Hausel was also recently honored in 1998 by induction into two hall of fames, honored as instructor of the year by two international associations

Hausel began training in martial arts in the 1960s at the Black Eagle Federation Kyokushin Kaikan Dojo.

== Geologist ==
While at the Wyoming Geological Survey on the University of Wyoming campus (1977–2006), Hausel discovered dozens of colored gemstone, diamond and gold deposits and occurrences. As a consultant for WestGold, a crew of six geologists including Hausel discovered the Donlin Creek gold deposit in Alaska in 1988; now recognized as one of the larger gold deposits discovered in North America in the last 100 years. He was inducted into the National Rock Hound and Lapidary Hall of Fame in 2001 for contributions to geological sciences and also presented the Prospectors and Developers Association of Canada's 2009 Thayer Lindsley Award for discovery of a major international gold deposit.

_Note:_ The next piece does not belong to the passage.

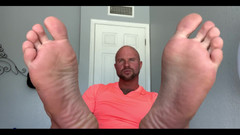 Jasons feet: ‪we End up Next to Each Other on a Plane‬ ‪‬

In addition to the Donlin Creek gold deposit he discovered the Rattlesnake Hills gold district in Wyoming in 1981 – a district with dozens of gold anomalies that is currently being explored and developed for both Kalgoorlie- and Cripple Creek-type gold deposits. He contributed to nearly one hundred books and 650 papers and maps on geological sciences and martial arts. Hausel is a diamond geology specialist and contributes to articles for the ICMJ Prospecting and Mining Journal.

== Books By Dan Hausel ==
- Gold: A Field Guide for Prospectors and Geologists.
- Gems, Minerals and Rocks of Wyoming: A Guide for Rock Hounds, Prospectors and Collectors.
- Diamond Deposits: Origin, Exploration and History of Discovery.
- Gemstones and Other Unique Minerals and Rocks of Wyoming: A Guide For Collectors.
- Exploration for Diamond-Bearing Kimberlites in Colorado and Wyoming: An Evaluation of Exploration Techniques.
- Ore Deposits of Wyoming.
- Geology and Gold Mineralization of the Rattlesnake Hills, Granite Mountains, Wyoming.
- Gold Districts of Wyoming.
- The Geology of Wyoming's Precious Metal Lode and Placer Deposits.
- Minerals and Rocks of Wyoming.
- Geological and Geophysical Investigations of Kimberlite in the Laramie Range, Southeastern, Wyoming.
- Economic Geology of the Copper Mountain Supracrustal Belt, Owl Creek Mountains, Wyoming.
- Economic Geology of the South Pass Granite-Greenstone Belt, Wind River Mountains, Wyoming.
- Economic Geology of the Seminoe Mountains Mining District, Wyoming.
- Geology of Wyoming's Copper, Lead, Zinc, Molybdenum and Associated Metal Deposits.
- Diamonds and Mantle Source Rocks in the Wyoming Craton with Discussions on Other U.S. Occurrences.
- Geology of the Iron Mountain Kimberlite District.
- Geology and Geochemistry of the Leucite Hills Volcanic Field.